[Start of section]

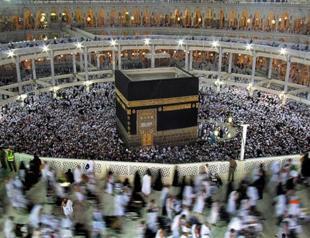 Muslim pilgrims stone devil in final hajj ritual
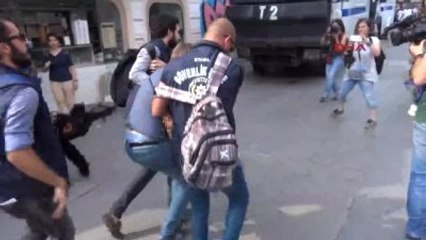 Açıklama Yapmak İsteyen Bir Grup Lgbti Üyesi Gözaltına Alındı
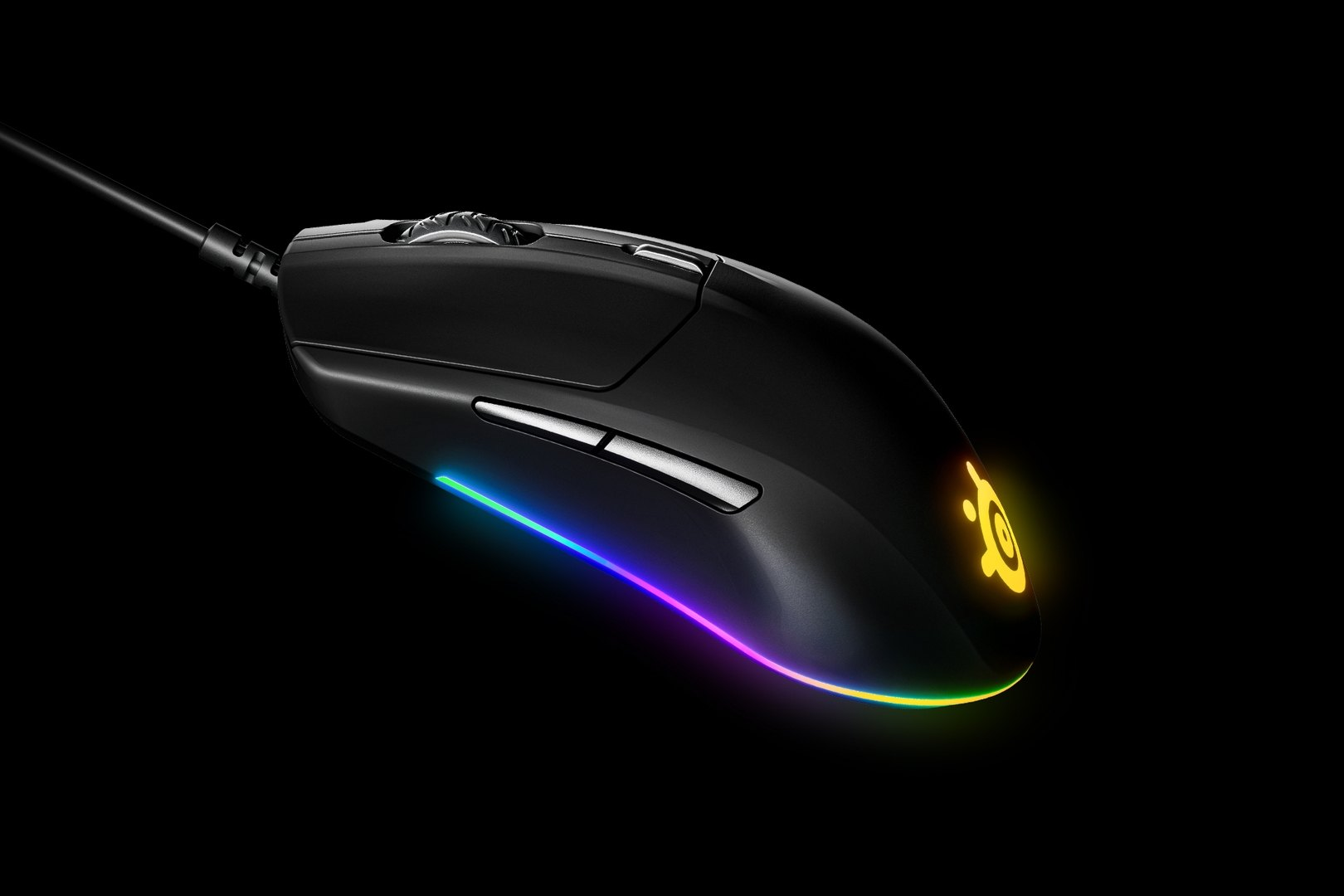 Fekete gamer egér RGB fényekkel, felülnézet fekete háttéren, logó látható.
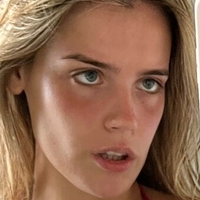 Lara Daniels Naken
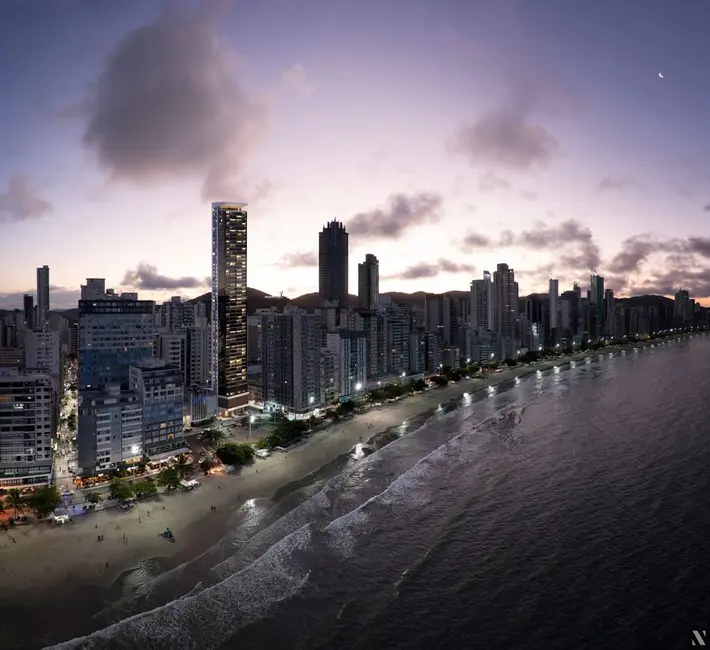 Apartamento à venda, 200m2 em Centro, Balneario Camboriu - SC - imagem 3 Foto 3 de Apartamento à venda, 200m2 em Centro, Balneario Camboriu - SC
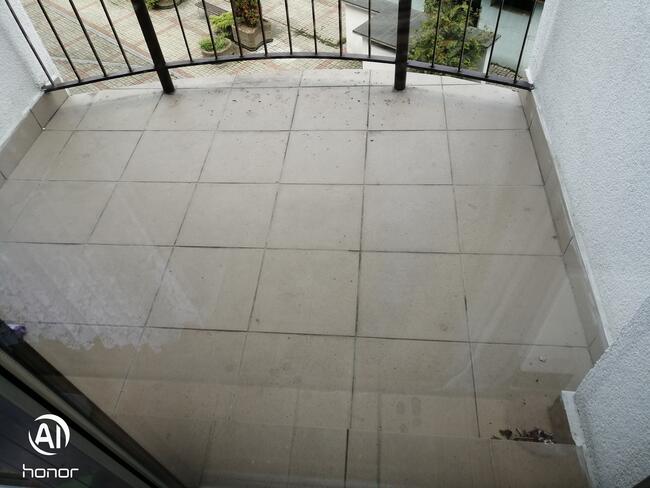 Jeden pokoj z balkonem w centrum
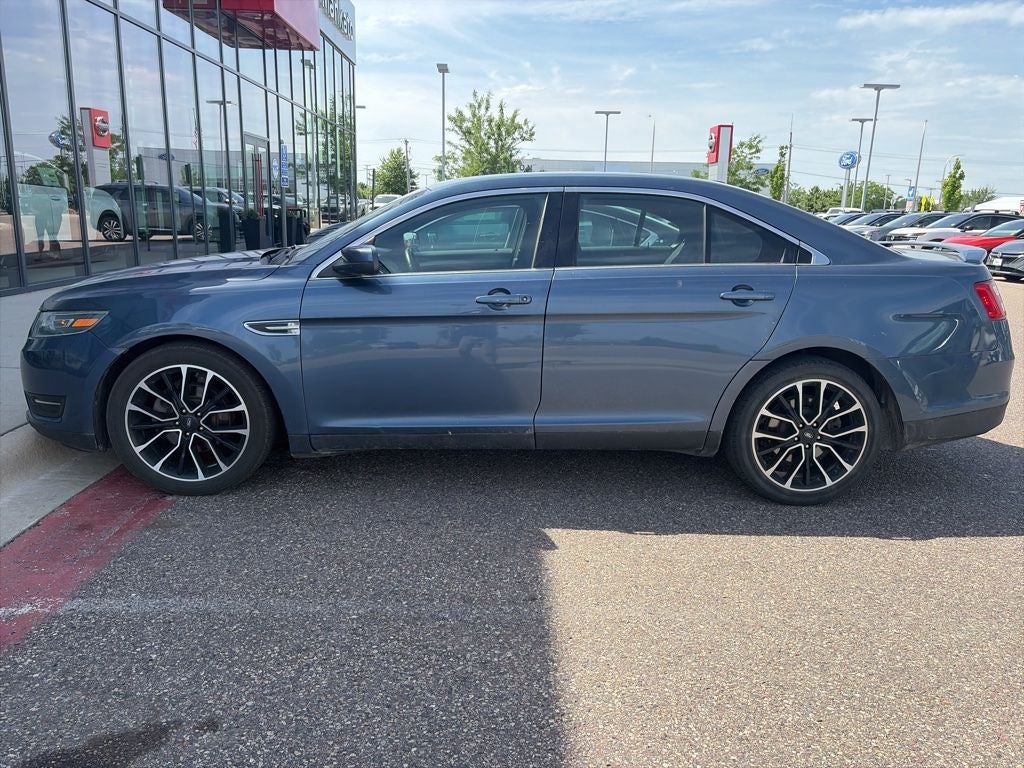 Used 2019 Ford Taurus SEL with VIN 1FAHP2E86KG110706 for sale in Mankato, Minnesota
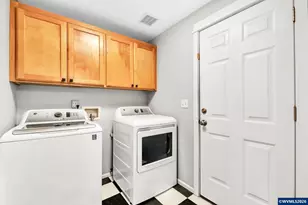 41 Sandalwood Lp, Creswell, OR 97426 - Photo 22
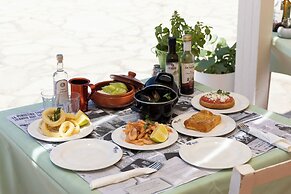 Venus Beach Hotel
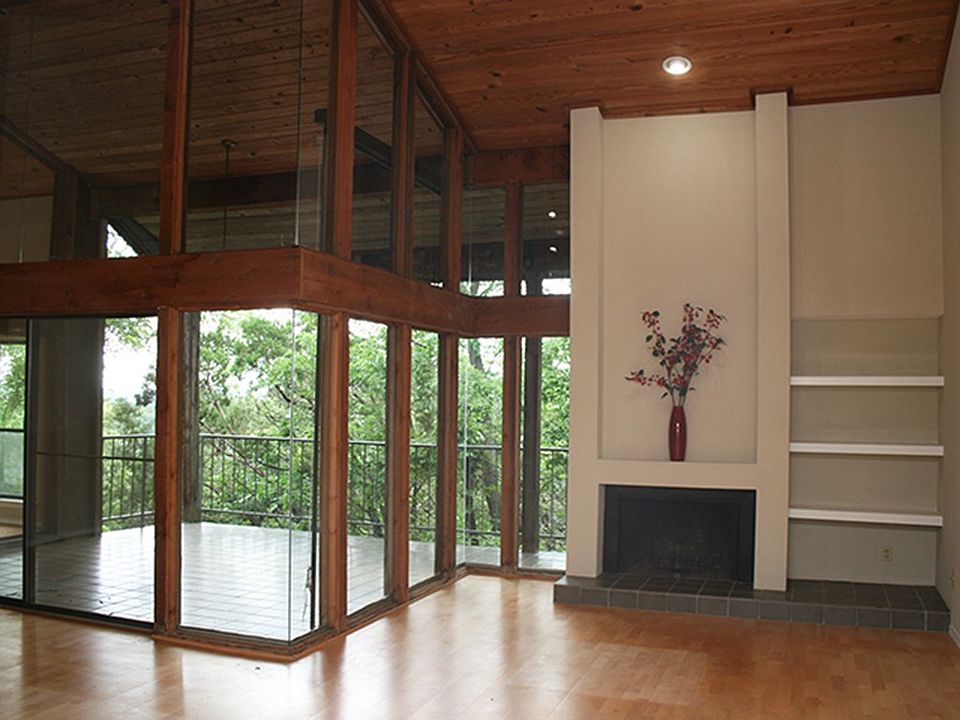 1st image of 8200 Neely Dr APT 253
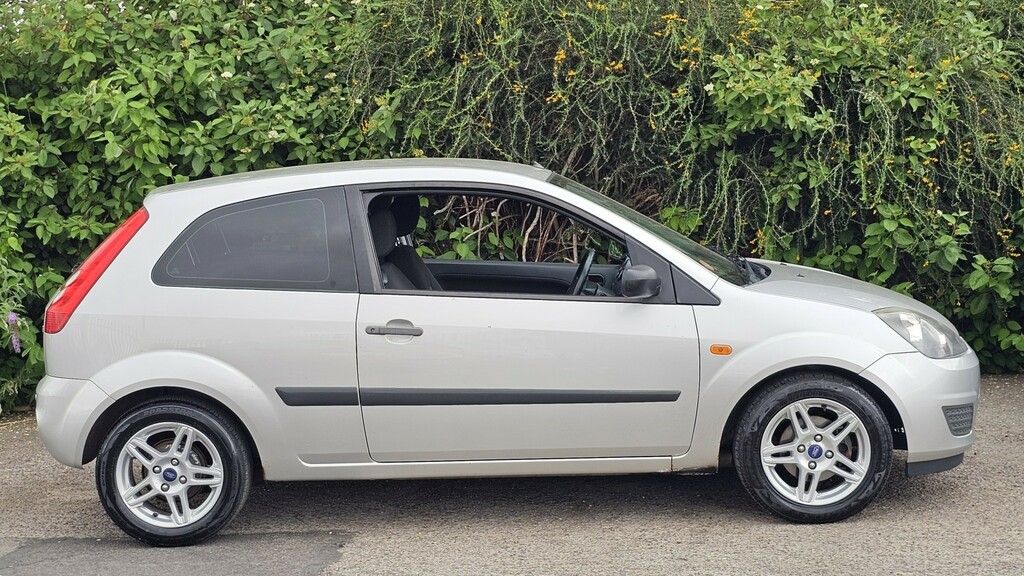 Ford Fiesta Ghia 16V-stunning Condition-very Low Black #12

[End of section]

--- DESCRIPTION OF THE TASK ---
Repeat the data above exactly, images excluded.

--- EXERCISE ANSWER ---
 Muslim pilgrims stone devil in final hajj ritual
 Açıklama Yapmak İsteyen Bir Grup Lgbti Üyesi Gözaltına Alındı
 Fekete gamer egér RGB fényekkel, felülnézet fekete háttéren, logó látható.
 Lara Daniels Naken
 Apartamento à venda, 200m2 em Centro, Balneario Camboriu - SC - imagem 3 Foto 3 de Apartamento à venda, 200m2 em Centro, Balneario Camboriu - SC
 Jeden pokoj z balkonem w centrum
 Used 2019 Ford Taurus SEL with VIN 1FAHP2E86KG110706 for sale in Mankato, Minnesota
 41 Sandalwood Lp, Creswell, OR 97426 - Photo 22
 Venus Beach Hotel
 1st image of 8200 Neely Dr APT 253
 Ford Fiesta Ghia 16V-stunning Condition-very Low Black #12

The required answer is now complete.